== EXTRACTED MATERIAL

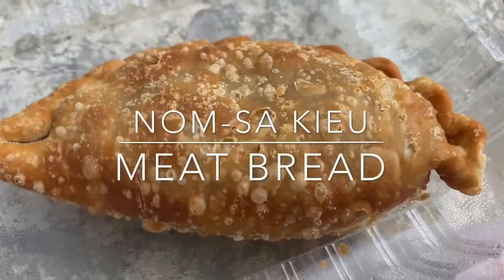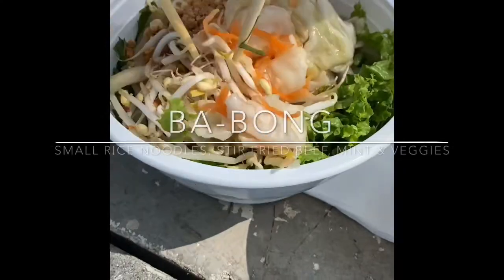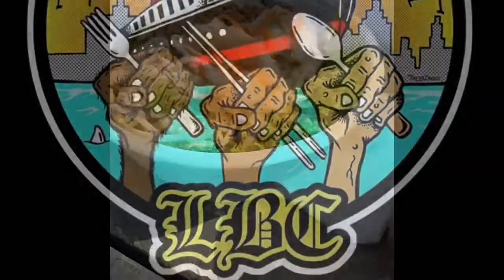And these Namsa Q meat breads are kind of like empanadas, really good. The baobong was so light and refreshing with the mint and different veggies. I loved it.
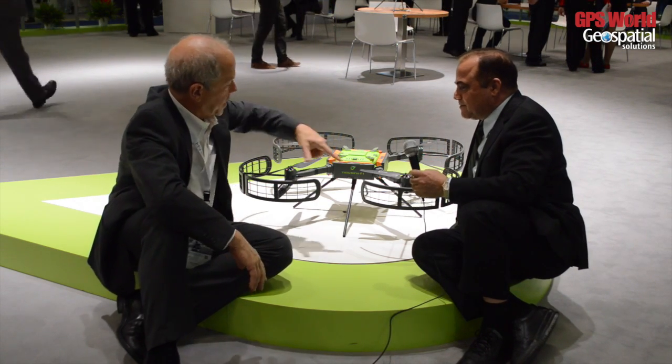We plan to fly it in the first quarter of 2015. We had a test flight about a month ago, and we are just finalizing the software and hardware.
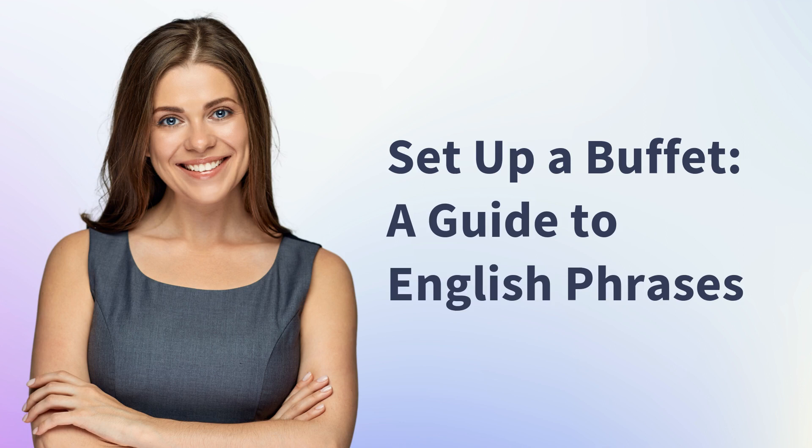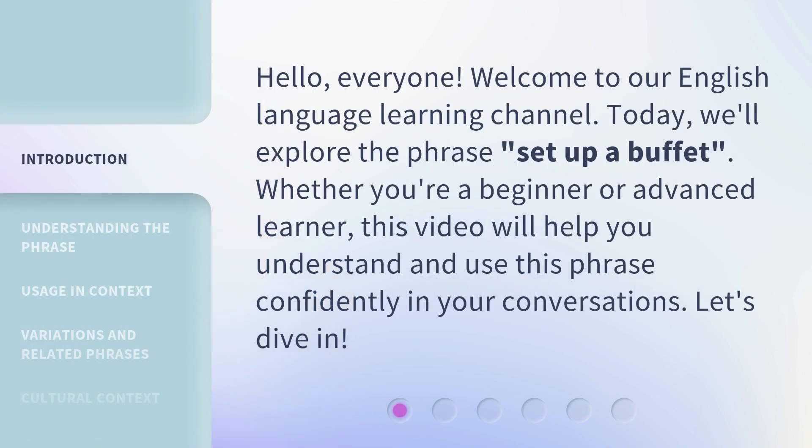Set Up a Buffet: A Guide to English Phrases. Hello, everyone. Welcome to our English Language Learning Channel. Today, we'll explore the phrase 'Set Up a Buffet.' Whether you're a beginner or advanced learner, this video will help you understand and use this phrase confidently in your conversations. Let's dive in.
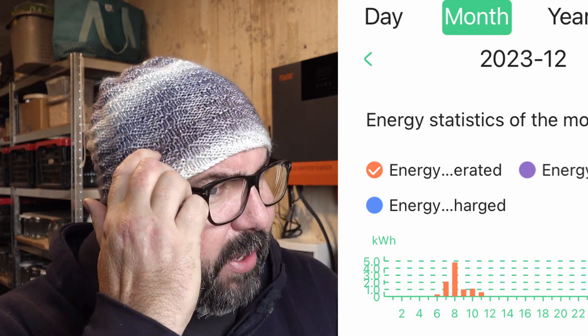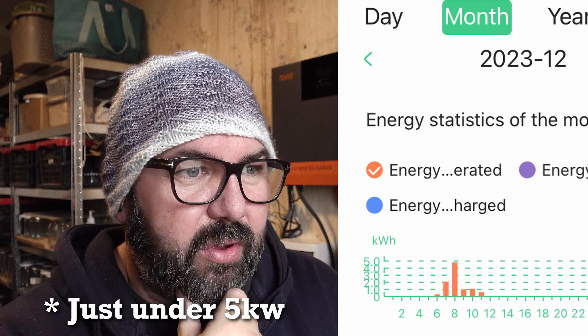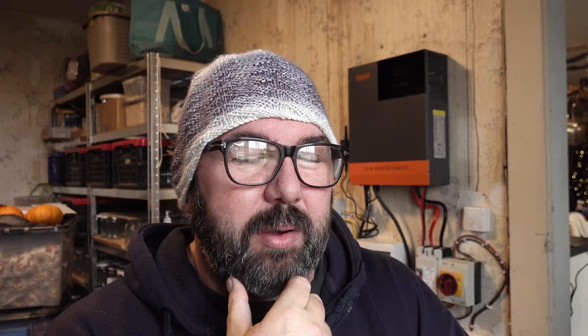Obviously when we get some sun — we've not had sun for a long time. The first day we had this connected we only did about 300 watts, but the second day I think we did nearly 8 kilowatts. So we've not done a lot this month. But yeah, it's all up and running.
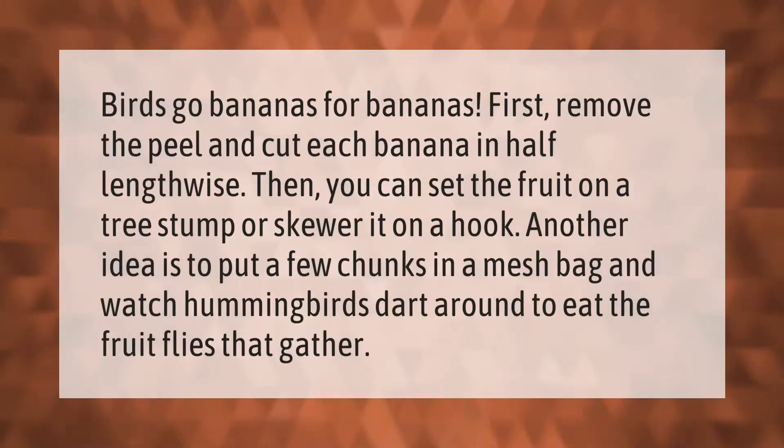Birds go bananas for bananas! First, remove the peel and cut each banana in half lengthwise. Then you can set the fruit on a tree stump or skewer it on a hook. Another idea is to put a few chunks in a mesh bag and watch hummingbirds dart around to eat the fruit flies that gather.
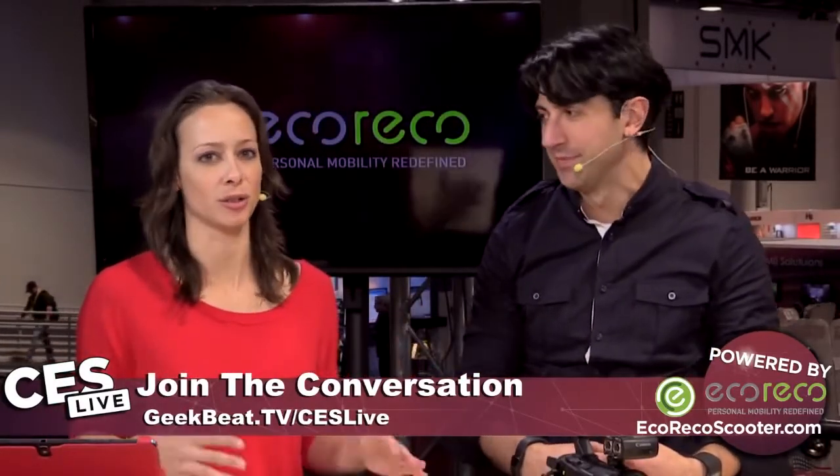Hey guys, welcome back to CES Live coverage. Here at CES 2015, I'm Callie Lewis. And I'm Daniel Rubino from Windows Central. And this is the Windows phone section of the day — and general Windows. It's all going to be one. In 2015, they're all merging. So we'll just call it Windows. Everything.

====

▶ [WHAT TO DO] Leave the images aside and return the records above exactly as written.

▶ [SOLVED PROBLEM]
And these Namsa Q meat breads are kind of like empanadas, really good. The baobong was so light and refreshing with the mint and different veggies. I loved it.
We plan to fly it in the first quarter of 2015. We had a test flight about a month ago, and we are just finalizing the software and hardware.
Set Up a Buffet: A Guide to English Phrases. Hello, everyone. Welcome to our English Language Learning Channel. Today, we'll explore the phrase 'Set Up a Buffet.' Whether you're a beginner or advanced learner, this video will help you understand and use this phrase confidently in your conversations. Let's dive in.
Obviously when we get some sun — we've not had sun for a long time. The first day we had this connected we only did about 300 watts, but the second day I think we did nearly 8 kilowatts. So we've not done a lot this month. But yeah, it's all up and running.
Birds go bananas for bananas! First, remove the peel and cut each banana in half lengthwise. Then you can set the fruit on a tree stump or skewer it on a hook. Another idea is to put a few chunks in a mesh bag and watch hummingbirds dart around to eat the fruit flies that gather.
Hey guys, welcome back to CES Live coverage. Here at CES 2015, I'm Callie Lewis. And I'm Daniel Rubino from Windows Central. And this is the Windows phone section of the day — and general Windows. It's all going to be one. In 2015, they're all merging. So we'll just call it Windows. Everything.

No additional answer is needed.